The group was large enough to spread for half a mile along the trail, and it was fun to watch people far below on the steep slopes crisscrossed by switchbacks. They moved in shifting groups, pairs and singles and conversation flowed easily.
It was not too early in the season for dramatic displays of red current

and Chris noticed one large shooting star growing right alongside the trail.
Soon we descended into a shady oak woodland of non-deciduous California live oaks. Then I noticed a series of pools beside the path that gave way to a trickle. For the next mile it dropped away out of sight but within earshot of its increasing babble. Suddenly we came out of the woodland to a crossing where the water flowed over smooth rocks and formed lovely pools surrounded by wooded canyon walls.

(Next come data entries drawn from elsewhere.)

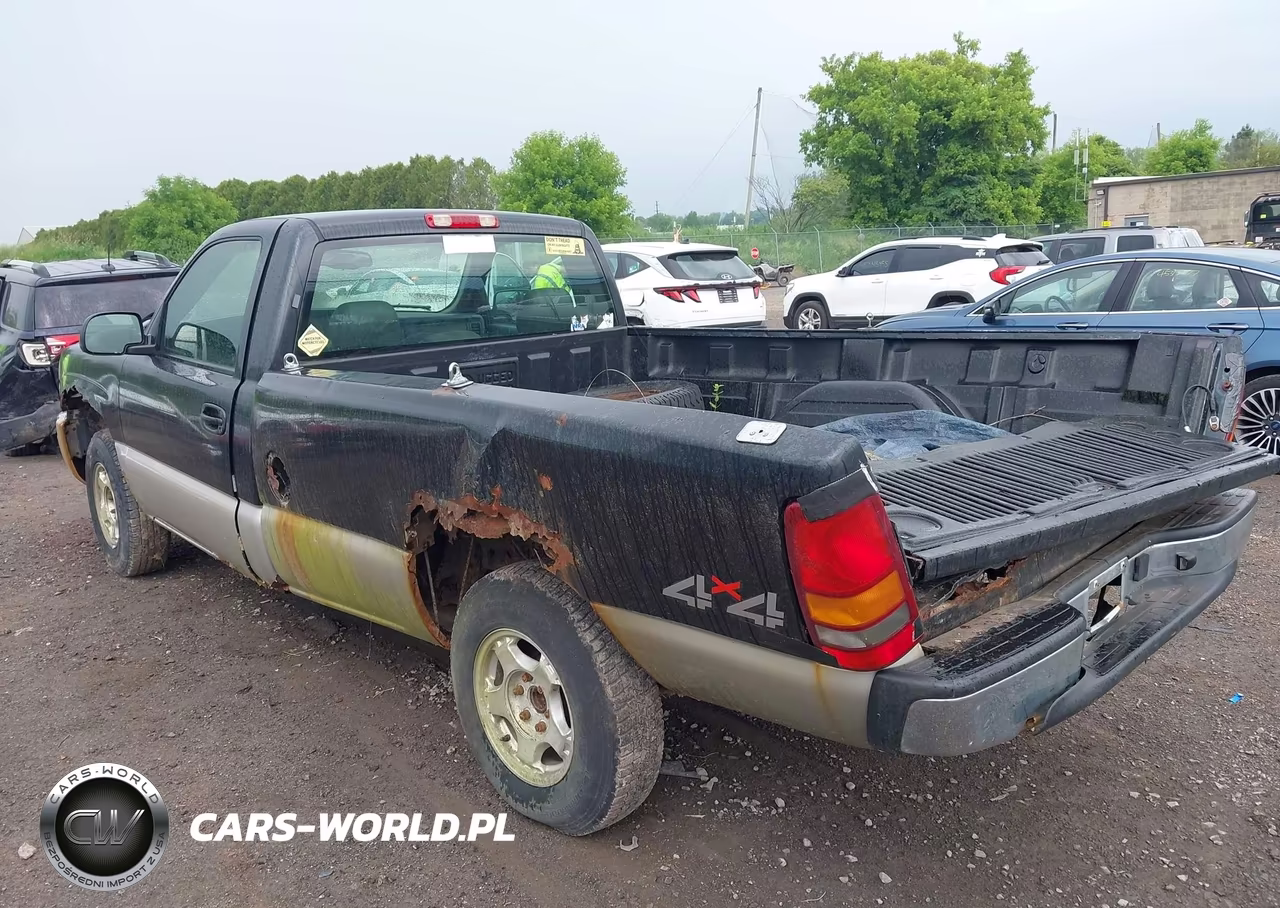 2003 GMC Sierra 1500 Work Truck VIN:1GTEK14V53E333944 - 3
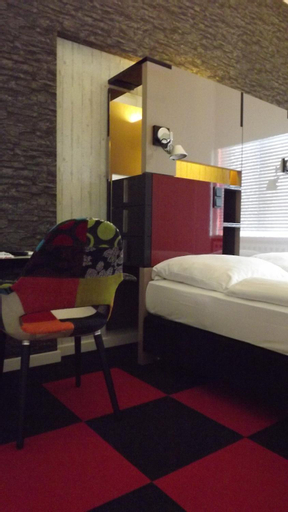 Bedroom 15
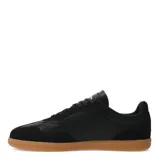 Championes Umbro de estilo clásico inspirados en el fútbol de salón. Presentan una capellada de material sintético y gamuza en color negro, con el logo de la marca en blanco en el lateral y una suela de goma color caramelo diseñada para ofrecer agarre en superficies lisas.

This was the most pleasing part of the trail, and all too soon we we arrived at the top of the falls, where some folks decided to sit and rest while others explored the lip of the falls.


The trail spiralled through woods down the fifty foot drop and returned to the base of the falls where most folks chose to eat lunch. There was a festive sense of arrival at a worthwhile destination.
I really wanted to swim in the pool at the base of the fall–in my underpants. I took off my boots and crawled out on a log hanging over the clear inviting water. I knew it would be chilly, but I expected to be able to immerse my legs up to the knees until the pain went away and the rest of my body acclimated. This method had worked to allow me to swim for an indefinite time in the cold water of local beaches. But I couldnt leave my feet in for more than a minute or two at a time, and after a quarter of an hour I realized that my plan wouldnt work. So I stared at the tumbling spray and listened to its sounds and resigned myself to a chaste encounter.